Sabah Haque, RIR – York
This past summer, the KMb Unit at York University was fortunate enough to work with three excellent students. Sabah Haque, a fourth year student in York’s Schulich School of Business, worked as a Research Translation Assistant developing ResearchSnapshot research summaries. She shares her story in this post.
Au cours de l’été, l’Unité de MdC de York University a eu la chance de travailler avec trois excellents étudiants. Sabah Haque, une étudiante de quatrième année à la Schulich School of Business de York, a travaillé au développement des résumés de recherche en langage clair (ResearchSnapshot) à titre d’Assistante à l’adaptation des recherches.
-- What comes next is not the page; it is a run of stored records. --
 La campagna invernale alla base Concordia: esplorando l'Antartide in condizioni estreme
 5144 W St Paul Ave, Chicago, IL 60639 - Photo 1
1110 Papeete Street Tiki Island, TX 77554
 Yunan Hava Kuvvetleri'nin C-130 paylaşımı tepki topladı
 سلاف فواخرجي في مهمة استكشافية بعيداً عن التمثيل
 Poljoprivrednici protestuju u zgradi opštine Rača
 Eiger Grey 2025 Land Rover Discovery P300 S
As long as there is a worthy cause, I’m in. I have a passion for working with growing organizations, especially when their objective is to create positive social change. I enjoy using my strengths to do the groundwork and drive the mission forward. This summer, I jumped at the chance to join the KMb Unit at York because the work involved my passion and best skills all in one. Knowledge mobilization has given me the opportunity to use written communication for social innovation. I highly value being able to do work towards community well-being. At the KMb Unit, I contributed to the development of our repository of clear language ResearchSnapshot summaries.
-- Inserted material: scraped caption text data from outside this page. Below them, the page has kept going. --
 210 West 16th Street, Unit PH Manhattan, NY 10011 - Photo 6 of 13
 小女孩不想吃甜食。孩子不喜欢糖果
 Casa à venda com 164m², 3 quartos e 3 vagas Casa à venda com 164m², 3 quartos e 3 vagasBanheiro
The focus of this summer’s summary development was around Poverty Eradication. I collected research and examined poverty from a variety of perspectives, such as health, inequality, public policy, business and corporate social responsibility, homelessness, and social work. My interests in different subjects like the sciences, humanities and business proved to be an asset in my work because I summarized research from several unique disciplines.
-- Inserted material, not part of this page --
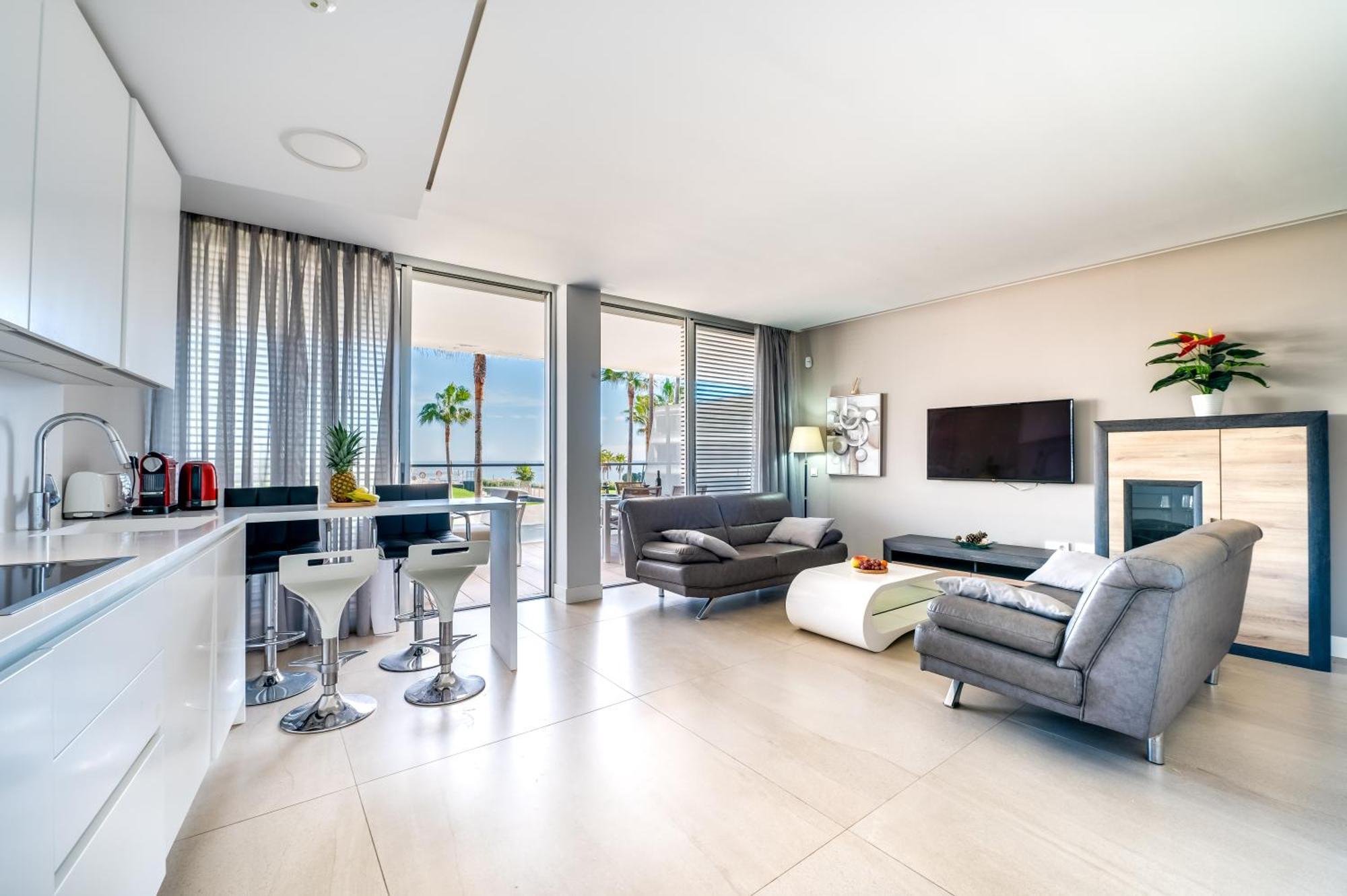 The Edge * Estepona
Not only did I get the chance to learn a lot, but most importantly, I was also able to spread the knowledge. Through my work as a Research Translator, I sought to provide holistic insight on the root causes of poverty in Canada and around the world, so that research users can make informed decisions in the effort to eradicate poverty.
I believe knowledge mobilization is an effective method for bridging the gap between research and practice. I hope that the KMb unit continues to make greater impact in the years to come.